Are we aiming for a dictatorship? - Keith Roulston editorial
Okay, I’m going to show my age here, but what’s the rush to try to get rid of democracy? Seems like every time I open the paper somebody is proposing to reduce the size of this or that municipal council.
In last week’s paper, Huron East approved the establishment of a committee, involving some council members and five members of the public to look at future representation in the municipality. This came after council rejected a proposal in December that had to be accepted then in order to be put into effect for this year’s election. Though there were several possibilities in that proposal, Mayor Bernie MacLellan made it plain he thought council should be smaller.
Other councils periodically make the same proposal in the name of “efficiency”. It seems to me we’ve been reducing the number of people in our democracy for years in the name of efficiency.
Decision-making has become such a dirty word that we seem to want to have as few people making decisions as possible – or at least as few that we’re responsible for electing, anyway. On the other hand, as the number of people who run for election to municipal councils and school boards has gone down, the number of people who work for them – who make decisions that change our lives but have only a limited number of people we elect looking over their shoulders – has increased.

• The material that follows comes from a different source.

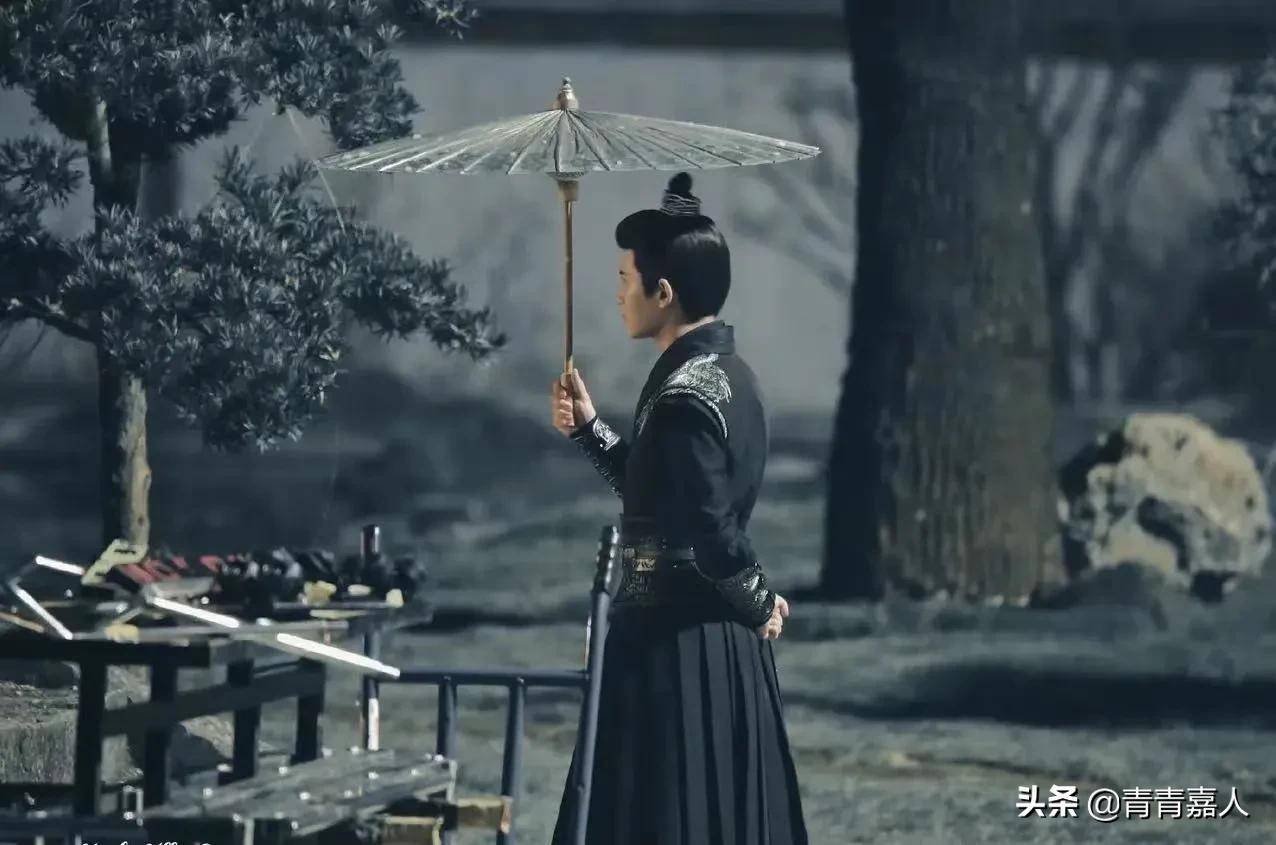原创盘点任嘉伦那些年打过的伞手执一把伞伞下时尚万千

Now this isn’t a diatribe against civil servants, just a questioning of how we came to a place where we seem to distrust people who are our neighbours or relatives who make decisions that can affect our day-to-day lives. After all, we like to call what we
live in a democracy. It began in ancient Greece where one in every 10 people (thus the word dem-ocracy) took part in making decisions for the whole community.
Once democracy was true here. In my lifetime there was a one-room school every couple of miles that was overseen by a school board. Although our school had been closed and we were bused into Lucknow to the “big” school, we still had a school board to hire the bus and pay our share of the costs of that urban school. My dad took his turn on that community board.

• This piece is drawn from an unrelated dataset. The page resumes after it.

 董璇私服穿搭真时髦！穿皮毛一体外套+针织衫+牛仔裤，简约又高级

Later, in the mid-1960s after I was already in high school in Lucknow, school amalgamation came along and instead of one-room schools, kids were bussed to central schools. Some of the construction became delayed, however and my younger brother, who had his early schooling at a large school in Lucknow, ended up spending three months in an older one-room school in the neighbourhood because the central school wasn’t ready – although there was only one grade in each school.

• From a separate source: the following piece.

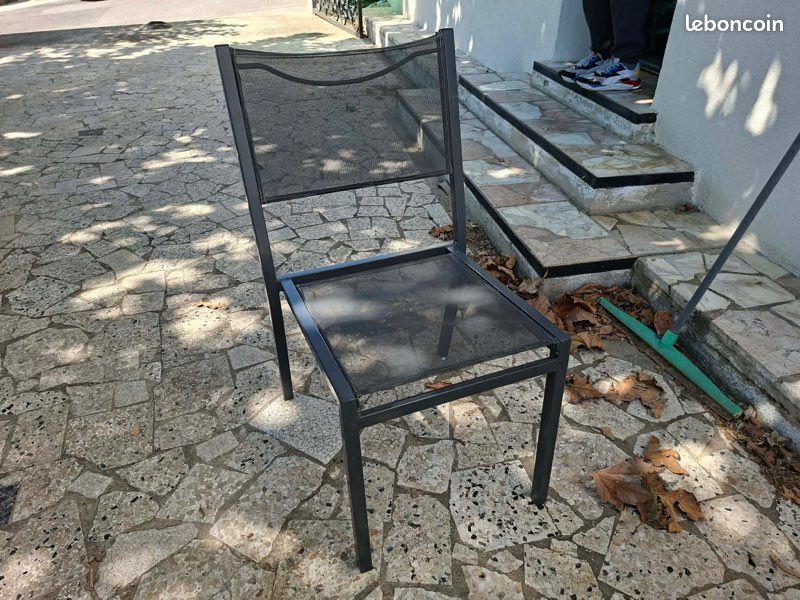 Table et chaises (image 1)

Meanwhile, mine was the last class to finish Grade 13 at the old Lucknow District High School because new provincial requirements for physics classes meant the board at that small school decided it made more sense to send students to F.E. Madill Secondary School in Wingham and close the old Lucknow high school.
At university, I studied journalism and in the summer of 1967 (Centennial year), I worked as a student for A.Y. McLean at the old Huron Expositor in Seaforth. Among my duties that year was to cover Tuckersmith Township Council. I also interviewed the principal of the new public school at Brucefield, the largest in the area.
After graduation, I became editor of the Clinton News-Record and covered Hullett, Goderich and Tuckersmith councils.
From there, Jill and I bought the Blyth Standard and I had Blyth, East and West Wawanosh, Hullett and Morris councils to cover. Without doing much research I’d guess there were more than 30 people giving their time and talents to municipalities on those councils.
Around that time, I remember attending a nomination meeting in Londesborough when a school board official told us that the
province had declared there should be only one public and one Roman Catholic Separate School board in each county, not a board for each school. After that came the announcement that there’d be a combined board with Huron and Perth Counties and there have been suggestions since then that Huron, Perth, Bruce and Grey Counties will all be combined.
When Mike Harris was Premier, he declared either municipalities would amalgamate or he would force amalgamation, so local councillors quickly found partners, and for the past 20 years we’ve had the current council set-up. Even then, we periodically have people arguing that for the sake of “efficiency” we need to reduce the number of people on councils.
Hey, it makes life easier for the majority that doesn’t want to bother with local politics. Heck, I don’t know who my school trustee is.
In fact, why not get so efficient we get rid of politicians altogether and have one person responsible for decision-making? Oh yeah, that’s the sort of thing that Vladimir Putin does, and that hasn’t worked out so well.